仕事を終え時計を見ると午後9時半を回っていた。急いでメールで連絡しながら会社を出ると後ろからトントンされ振り返ると吉田さんが立っていた。
「先輩遅すぎですよ、女性を待たせるとか」
「ごめんごめん、頼まれた仕事をしてたら遅くなった」
「はぁ〜先輩はまた仕事を頼まれて、用事があるからって断れば良いじゃないですかー」
「ごめん、でも頼まれたら断れなくて」
「もう良いですよ、でもそのかわり先輩の奢りで」
「わかったよ、可愛い後輩の頼みならなら」
そんなことを話しながら歩いていると一台のトラックが信号無視してこちらに突っ込んできた。
「‼︎‼︎」
俺はそのことを瞬時に察知して避けようとすると
隣で吉田さんが動かず立ち止まっていた。
多分気が動転して動けないのだろう。そのことに気づいた次の瞬間俺は吉田さんを押し飛ばしていた。そして。轟音と共に俺の体だけ吹き飛ばされた。

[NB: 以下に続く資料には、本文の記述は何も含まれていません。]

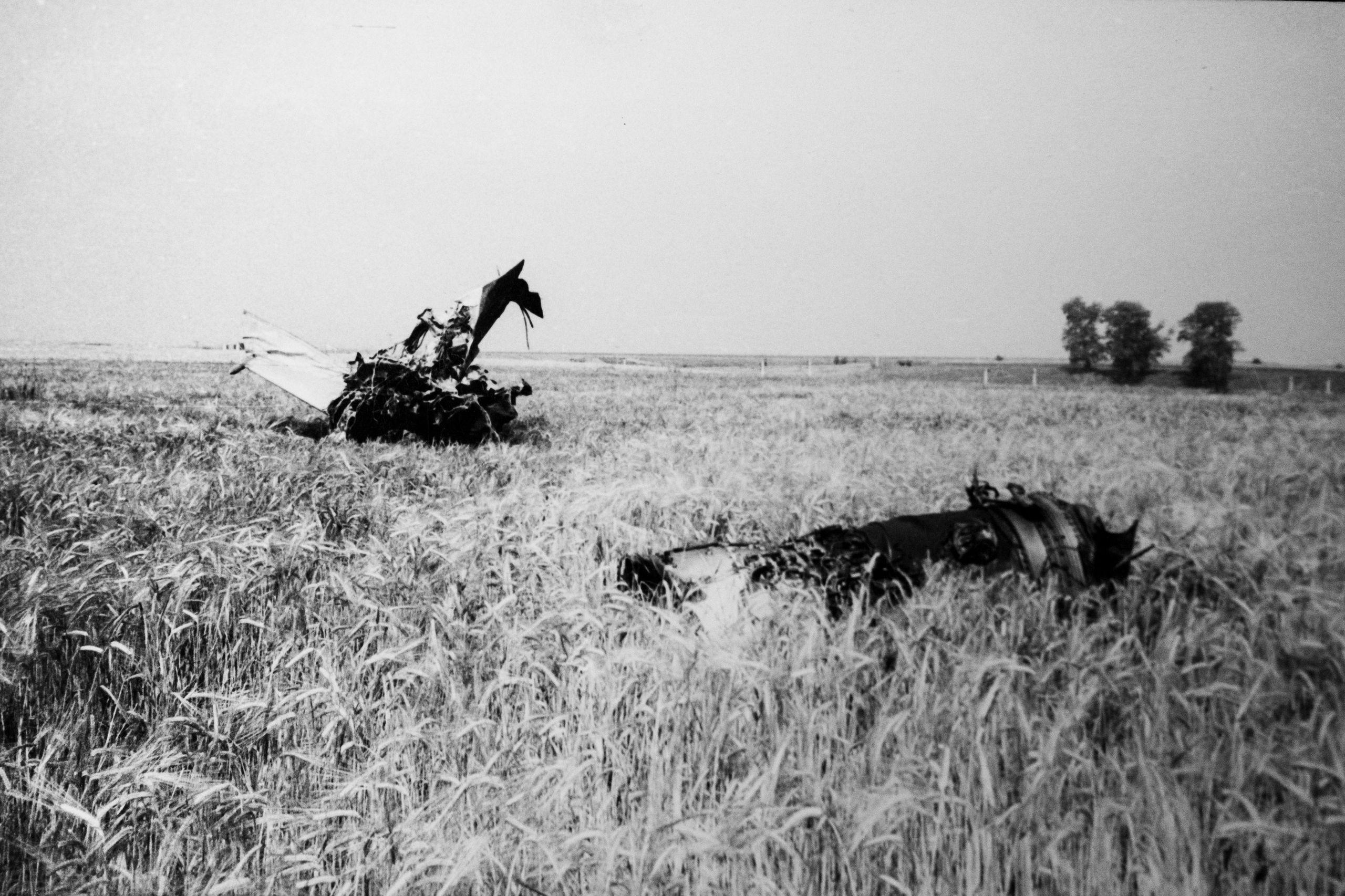 1994. Epava MiG-ului cu care zbura comandorul Ioan Vereș în momentul catapultării. FOTO: Arhiva personală. 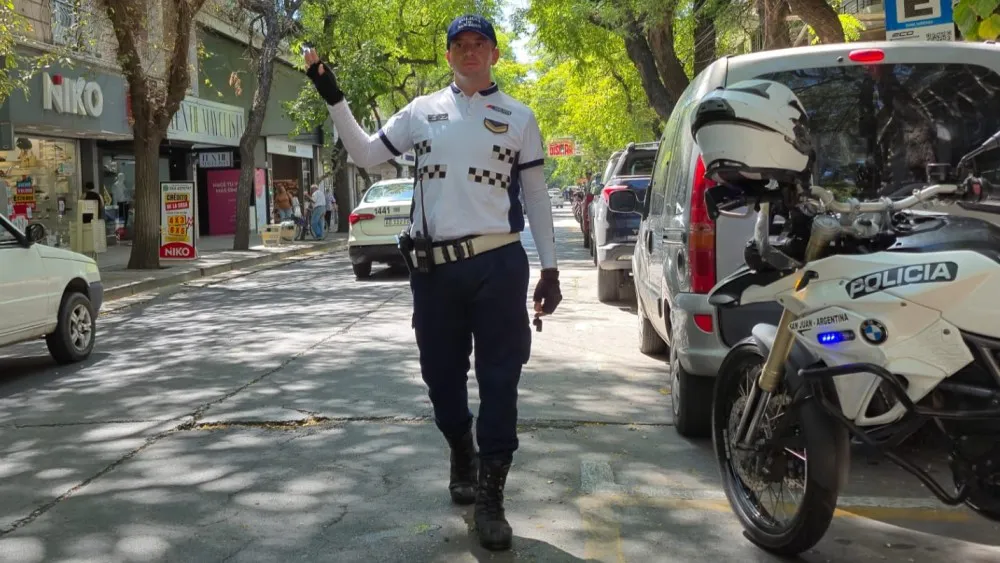 policía control tránsito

トラックに吹き飛ばされて意識がもうろうとしていると吉田さんが駆け寄ってきた。
「桜井さん大丈夫ですか‼︎しっかりしてください‼︎
今救急車を呼んでもらってますから‼︎」
吉田さんはそう言って俺の意識を保とうと必死に声をかけてくる。だがもう意識が遠のいていく。
すると。吉田さんがこう言ってきた。
「死なないで、死なないで、私はまだあなたに伝えたいことがあるのに」
と、涙を流しながらそう言った。
俺は心の中で(最後の最後に気になるセリフを言うなよ)と思った。そして、俺の意識は完全に消えた。